In A. shelkovnikovii (6% difference in 2C DNA content) and A. alexeianum (8.8%), ITS data provided no indication for intraspecific differentiation. Nevertheless, the range of variation of genome size between different accessions seems high compared to the “normal” range of variation (up to 3% of measured genome size for most taxa). Although it is possible that the genetic differentiation within these species is too young for the resolution of the molecular markers used (Gurushidze et al. 2008, 2010), the hypothesis that differences in genome size in A. shelkovnikovii and A. alexeianum are the result of ancient introgression, is also plausible. Although we obtained no indication for the occurrence of B chromosomes in the karyotyped species, Fritsch and Astanova (1998) reported the presence of B chromosomes in one species of Melanocrommyum, thus the hypothesis that differences in genome size in A. shelkovnikovii and A. alexeianum are due to B chromosomes cannot be ruled out.

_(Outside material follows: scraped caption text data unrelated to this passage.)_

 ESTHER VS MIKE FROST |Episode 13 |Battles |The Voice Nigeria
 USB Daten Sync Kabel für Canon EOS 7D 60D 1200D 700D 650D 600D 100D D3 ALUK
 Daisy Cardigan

Genome Size Changes in Relation to Phylogeny—Both analyses, the generalized least squares and Kruskal-Wallis test, support the assumption that distribution of genome size is not random but rather dependent on phylogenetic relationships. The outcomes of the statistical analyses are comparable for both data sets, including and excluding polyploids. The test for phylogenetic signal was positive using GLS, suggesting that genome size variation among species is adequately predicted by our phylogenetic tree. Based on comparison of the genome size between the “basal” grade and core clade, and estimated ancestral and contemporary genome size, the data suggest that the ancestral genome size in subgenus Melanocrommyum was relatively small. However, genome size changes do not always show a trend of increasing size, as both DNA gain and loss were detected even within closely related lineages. This is in agreement with other evolutionary reconstructions showing that both increases and decreases have occurred in different taxonomic groups (e.g. Wendel et al. 2002; Jakob et al. 2004).

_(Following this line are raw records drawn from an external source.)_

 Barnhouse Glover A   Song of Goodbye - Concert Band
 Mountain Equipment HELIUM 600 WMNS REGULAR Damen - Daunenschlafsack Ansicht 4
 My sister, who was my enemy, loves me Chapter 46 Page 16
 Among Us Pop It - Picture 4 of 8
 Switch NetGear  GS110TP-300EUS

According to GLS analyses, the evolution of genome size in subgenus Melanocrommyum follows the punctuated rather than gradual mode. In other taxa, the hypothesis of punctuated genome size evolution received support in Orobanche L. (Weiss-Schneeweiss et al. 2006) and Liliaceae (Leitch et al. 2007), whereas a gradual mode of evolution was inferred in Hieracium L. (Chrtek et al. 2009). Intraspecific stability of genome size (Greilhuber 1998; Gregory 2004) and reports of rapid genome reorganization after speciation (Rieseberg et al. 1995; Song et al. 1995; Özkan et al. 2001) promoted the idea that a punctuated model with most changes occurring immediately after speciation is more realistic rather than a gradual change in genome size (Albach and Greilhuber 2004; for review see Gregory 2004). However, to prove this hypothesis (punctuated mode more plausible than gradual), statistical analyses regarding the mode of the genome size evolution in a phylogenetic framework are needed in many other eukaryotic groups.

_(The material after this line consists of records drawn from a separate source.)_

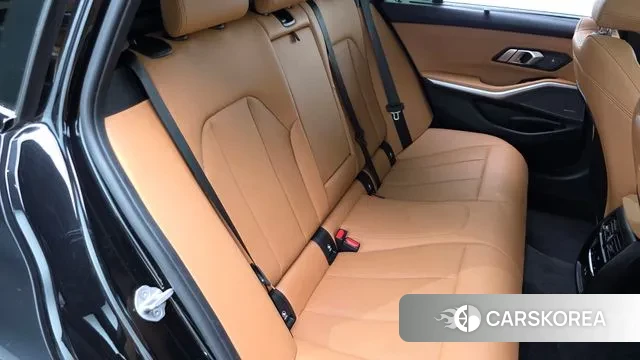 BMW 3 Series (G20) 2024 Черный из Кореи, фото 3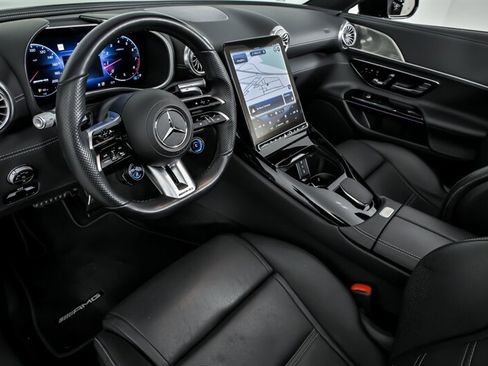Used 2022 Mercedes-Benz SL 55 AMG 4MATIC image 15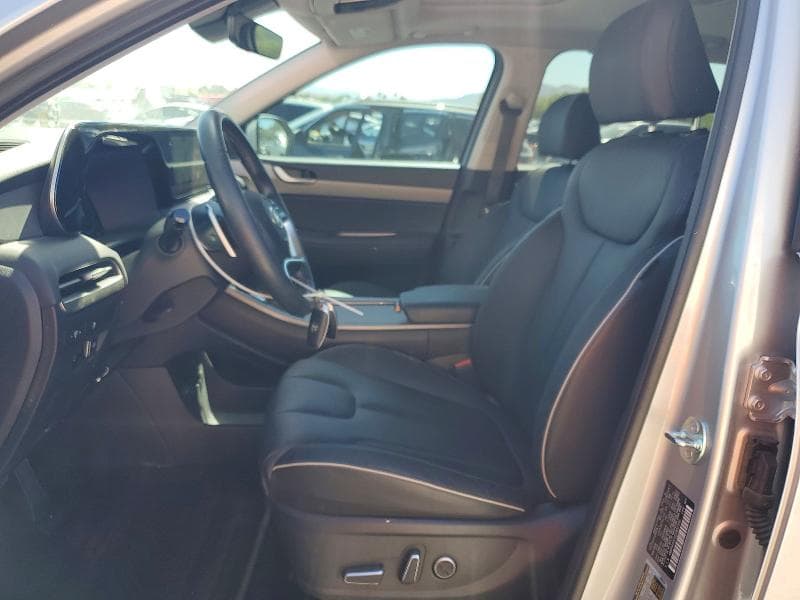 2025 HYUNDAI PALISADE SEL PREMIUM 7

Considering the ecological uniformity of the entire subgenus, a pattern of non-adaptive evolution (δ > 1) was rather expected. However, high variability of genome size in Melanocrommyum prompts to invoke non-adaptive theories of genome size evolution. Oliver et al. (2007) have proposed a simple proportional model of genome size evolution without invoking selection pressure. The model implies that the rate of genome size evolution is simply proportional to genome size. The authors showed that the fastest rates of evolution occur in the largest genomes, and this trend is evident across 20 major eukaryote taxonomic groups. The fixation of genome size changes (particularly the ones caused by neutral or effectively neutral length mutations) might also be neutral, primarily determined by stochastic events such as drift, especially in small populations or after founder events. Unfortunately, population genetic studies in non-model groups of organisms like Allium are largely missing, which makes this challenging hypothesis currently untestable.